Take the entire DC universe and unite them into one storyline.  No wait, create other universes and unite them as well.  Make the evil be spread out so that everyone is everywhere.  Then create some kind of temporal disturbance so that the world is overrun by baddies instantly.  Now put superman everywhere. 
Now have the flash randomly run around.  Put the Green Lanterns in space moving slowly towards the Earth for the entire series. 


There was some weird thing where Superman, Uberman, and Ultraman go to limbo and do something finding everybook ever written on one sheet of paper and then superman is fighting a vampire somewhere else but it wasn't superman because he was giant and had one red eye and one blue eye.  Then the vampire that was a monitor morphs into some freaking huge vamprie thing.  Then superman writes on his own tombston, "words to instill fear" or some crap and you don't find out until later that the words were "to be continued."

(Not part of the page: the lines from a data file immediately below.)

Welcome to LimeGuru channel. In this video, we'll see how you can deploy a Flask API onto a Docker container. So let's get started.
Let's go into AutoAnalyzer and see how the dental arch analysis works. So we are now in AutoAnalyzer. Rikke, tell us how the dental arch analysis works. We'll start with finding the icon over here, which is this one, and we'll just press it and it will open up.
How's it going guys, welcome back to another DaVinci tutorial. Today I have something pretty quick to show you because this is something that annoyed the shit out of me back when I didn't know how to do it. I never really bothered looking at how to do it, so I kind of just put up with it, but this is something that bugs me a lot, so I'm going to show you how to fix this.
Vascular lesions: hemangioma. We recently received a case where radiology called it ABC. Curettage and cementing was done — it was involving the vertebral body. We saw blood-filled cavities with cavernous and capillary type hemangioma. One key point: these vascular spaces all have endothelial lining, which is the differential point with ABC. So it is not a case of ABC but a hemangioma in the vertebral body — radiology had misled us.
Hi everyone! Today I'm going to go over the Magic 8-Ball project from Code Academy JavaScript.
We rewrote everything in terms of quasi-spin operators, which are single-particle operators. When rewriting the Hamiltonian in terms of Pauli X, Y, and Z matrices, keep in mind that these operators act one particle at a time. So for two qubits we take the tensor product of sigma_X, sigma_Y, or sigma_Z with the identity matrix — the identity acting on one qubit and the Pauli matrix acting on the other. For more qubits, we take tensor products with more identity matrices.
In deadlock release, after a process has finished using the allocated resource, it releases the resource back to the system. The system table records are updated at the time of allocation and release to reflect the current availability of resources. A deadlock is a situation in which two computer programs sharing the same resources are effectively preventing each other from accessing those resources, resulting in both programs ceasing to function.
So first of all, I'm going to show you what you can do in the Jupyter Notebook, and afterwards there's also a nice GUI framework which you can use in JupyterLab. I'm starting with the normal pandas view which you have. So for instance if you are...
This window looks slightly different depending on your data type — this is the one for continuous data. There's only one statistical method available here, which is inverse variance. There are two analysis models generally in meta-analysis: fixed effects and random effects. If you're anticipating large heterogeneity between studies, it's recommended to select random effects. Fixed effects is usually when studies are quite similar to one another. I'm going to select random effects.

Have I lost you yet.  Good now you know how I feel.  The comic medium can show as well as tell, but thanks to some weird panel layouts, double page layouts, and scenes that don't really lead into one another, the pictures just added to the confusion. 

The writing was horrible.  It was overdrawn prose that was trying to be literary and important.  The dialogue was full of cliches and "edgy" cussing.  The basic plot points, like what was going on was supposed to be a big mystery that they forgot to reveal and then forgot that they didn't reveal so went on as if they did reveal it.  I accidently skipped a page and almost didn't realize it.  The story was that out of whack. 

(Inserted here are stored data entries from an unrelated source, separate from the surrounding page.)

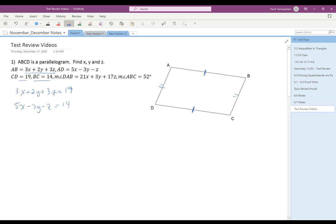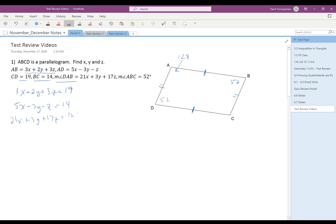And then finally, we're given that angle ABC is 52. What we know about that is that in a parallelogram, opposite angles are the same. So maybe we're thinking that ADC is going to equal 52, but we're not given ADC. Instead, we're given DAB. Consecutive angles are not congruent — they are supplementary. So that means this angle is going to be 128, and our third equation is 21X plus 3Y plus 17Z equals 128.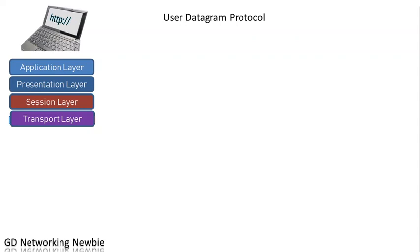Hi everyone, today we are going to discuss user datagram protocol.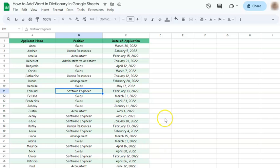And that's how to add a word to the dictionary in Google Sheets. Thanks for watching. If you found this video helpful, do leave a like and subscribe for more helpful videos. See you on the next one.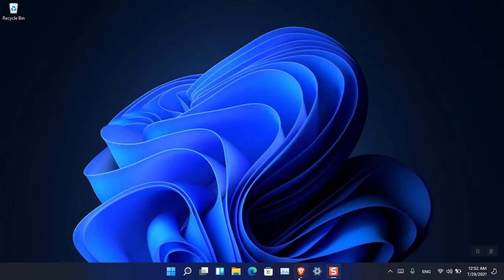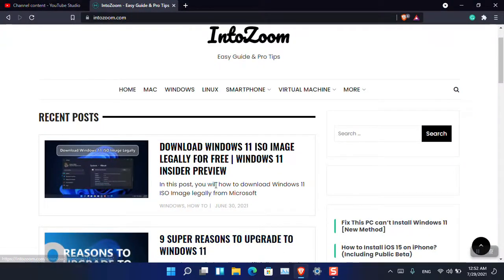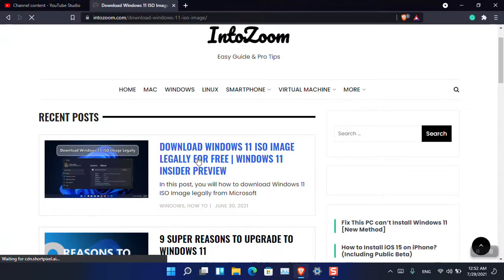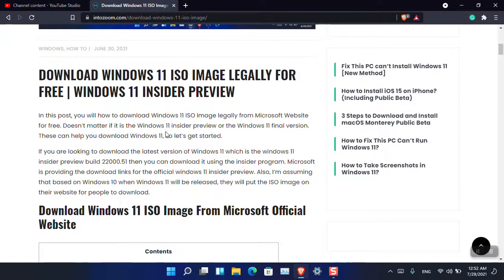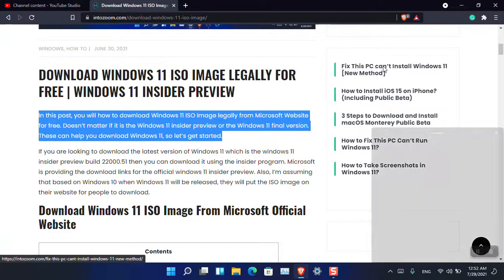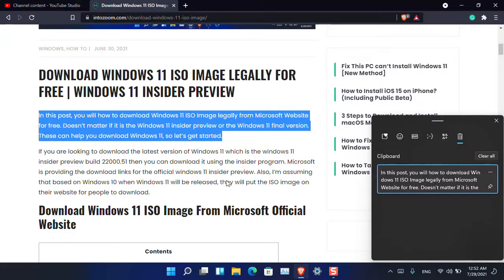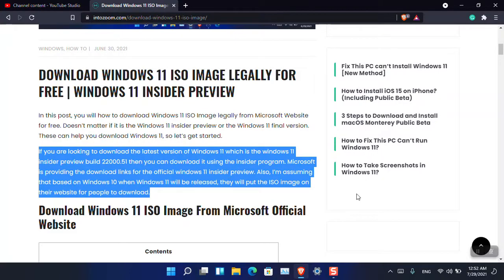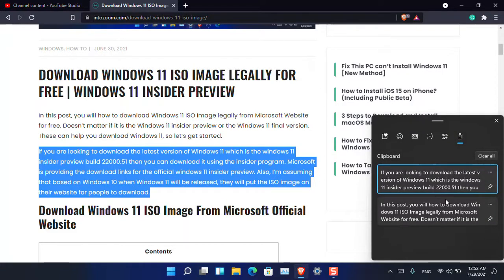Let's see how it works. Suppose I open this post 'Download Windows 11 ISO Image' on intowindows.com. I'll right-click and choose Copy to copy the text. Now if I press Windows+V on the keyboard you can see it's copied here. I'll copy the next line with Ctrl+C, press Windows+V, and that line is also copied. If you want to pin a single text, just click Pin and you can see that it is pinned.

Overall, I think the book tries too hard.  It wants to be this literary masterpiece that changes everything, and it is obvious that it tries.  It has evil making great strides, it has redemption and sacrifice, and it has characters reborn, but it all feels forced.  Batman shows up just in time to die, after almost not being in the entire rest of the book.  The unstoppable evil just kind of goes away at the end after 52 different versions of Superman show up and fly around in the background (no that is all they did), Frankenstein rides a giant bull dog, and The Green Lanters say their oath falling through space (I think that was supposed to be inspirational or something). 

It was a mess.  Don't buy it.  Read it if you want, but this story has no effect on the DCU with the exception that Batman is a caveman and Barry Allen is alive again.